Wednesday, December 29, 2010

Resolving to Remain Resolute with Regards to Writing Resolutions

by Nathan Norton

Aside from completely redundant and over-alliterated titles, there are a few things I’m actually pretty good at. One of those things is procrastinating. Another is being lazy. I’m also a rather talented stone mason, but that’s neither here nor there.*

These talents of mine are bothersome things. Like the P90X discs sitting on my coffee table, they’re a pestering reminder that I’m particularly bad at keeping promises I’ve made to myself. Right around this time of year is when we make all those promises that we intend on keeping the whole year through and actually keep for approximately ten to twenty minutes, give or take ten to twenty minutes. It’s New Year’s resolution time, boys and girls, and as writers, we ought to be making some resolutions aside from “stop eating like an Ethipoian tribesman with a thyroid condition.”

Writerly resolutions are important. If you’re anything like me, you have a problem motivating yourself to write. There can be a lot of reasons for this. I’ll lay my soul bare a second and admit something to all ya’ll. Writing scares me. It legitimately frightens me. The ideas in my head always feel beyond my own skill as a wordsmith, so approaching a new story idea is intimidating. I with my problems, like you with yours, need to get over it.

Maybe you don’t share that particular hazard, but we all have our own. Sometimes it takes some real forceful decisions to make writing happen.

To keep your inner writer sharp and on its toes, you’ve got to treat it like a five month old Labradoodle. Put on your stupid bedazzled 2011 glasses and resolve to do three things for your inner writer: 1) Feed it. 2) Give it exercise. 3) Listen to its whining even in inconvenient times when you’d rather not, lest you have a mess on your hands.

Feed It

According to science, stuff dies if you don’t give it food.
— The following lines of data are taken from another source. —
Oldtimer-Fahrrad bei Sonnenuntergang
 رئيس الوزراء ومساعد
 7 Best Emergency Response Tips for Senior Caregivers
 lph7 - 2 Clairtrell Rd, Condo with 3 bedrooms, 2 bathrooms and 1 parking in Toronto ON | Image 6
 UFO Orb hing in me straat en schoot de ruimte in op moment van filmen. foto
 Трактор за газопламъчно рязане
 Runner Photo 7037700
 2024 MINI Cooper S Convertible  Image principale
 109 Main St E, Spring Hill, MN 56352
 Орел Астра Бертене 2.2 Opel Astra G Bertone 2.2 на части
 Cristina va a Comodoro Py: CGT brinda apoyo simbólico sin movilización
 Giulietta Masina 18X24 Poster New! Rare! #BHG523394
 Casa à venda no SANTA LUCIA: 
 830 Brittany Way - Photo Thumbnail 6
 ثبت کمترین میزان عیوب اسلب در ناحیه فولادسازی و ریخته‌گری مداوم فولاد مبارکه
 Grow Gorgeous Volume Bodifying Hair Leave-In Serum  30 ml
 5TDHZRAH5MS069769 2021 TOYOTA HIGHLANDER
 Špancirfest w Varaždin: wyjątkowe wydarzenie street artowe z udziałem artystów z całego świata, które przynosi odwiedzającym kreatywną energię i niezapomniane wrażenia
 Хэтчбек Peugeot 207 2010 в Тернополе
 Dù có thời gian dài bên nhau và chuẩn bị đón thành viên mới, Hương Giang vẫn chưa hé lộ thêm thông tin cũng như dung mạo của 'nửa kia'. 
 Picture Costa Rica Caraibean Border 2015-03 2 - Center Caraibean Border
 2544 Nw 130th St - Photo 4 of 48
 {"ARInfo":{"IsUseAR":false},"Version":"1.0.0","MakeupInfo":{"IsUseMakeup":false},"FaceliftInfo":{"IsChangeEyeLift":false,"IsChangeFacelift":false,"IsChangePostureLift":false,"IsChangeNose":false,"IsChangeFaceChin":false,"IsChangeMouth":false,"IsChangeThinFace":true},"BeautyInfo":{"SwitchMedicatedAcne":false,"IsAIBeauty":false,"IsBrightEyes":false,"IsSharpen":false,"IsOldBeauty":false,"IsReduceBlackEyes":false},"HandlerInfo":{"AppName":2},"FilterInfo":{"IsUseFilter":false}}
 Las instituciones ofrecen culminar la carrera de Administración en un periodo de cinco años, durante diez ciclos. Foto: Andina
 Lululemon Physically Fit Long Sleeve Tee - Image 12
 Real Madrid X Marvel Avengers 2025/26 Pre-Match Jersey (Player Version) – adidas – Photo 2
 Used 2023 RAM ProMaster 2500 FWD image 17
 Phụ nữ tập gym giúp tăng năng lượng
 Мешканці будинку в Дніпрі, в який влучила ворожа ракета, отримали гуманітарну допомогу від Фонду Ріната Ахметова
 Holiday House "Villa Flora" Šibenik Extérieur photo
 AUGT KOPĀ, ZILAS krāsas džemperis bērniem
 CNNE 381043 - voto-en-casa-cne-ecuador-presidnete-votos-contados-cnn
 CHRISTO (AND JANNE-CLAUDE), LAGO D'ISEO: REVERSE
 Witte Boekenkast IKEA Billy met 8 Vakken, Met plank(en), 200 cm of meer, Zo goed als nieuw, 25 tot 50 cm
People, Japanese peace lilies, kangaroos, and most definitely you as a writer are all things that will one day stop thriving without some good victuals. Without nourishing yourself with mass amounts of other quality writers’ fiction, you’re going to dry up. Your mind won’t be working like a writer. It won’t be viewing the world through a writer’s lens. You won’t notice the details that make life worth noticing, and subsequently, you won’t have anything worthwhile to write about.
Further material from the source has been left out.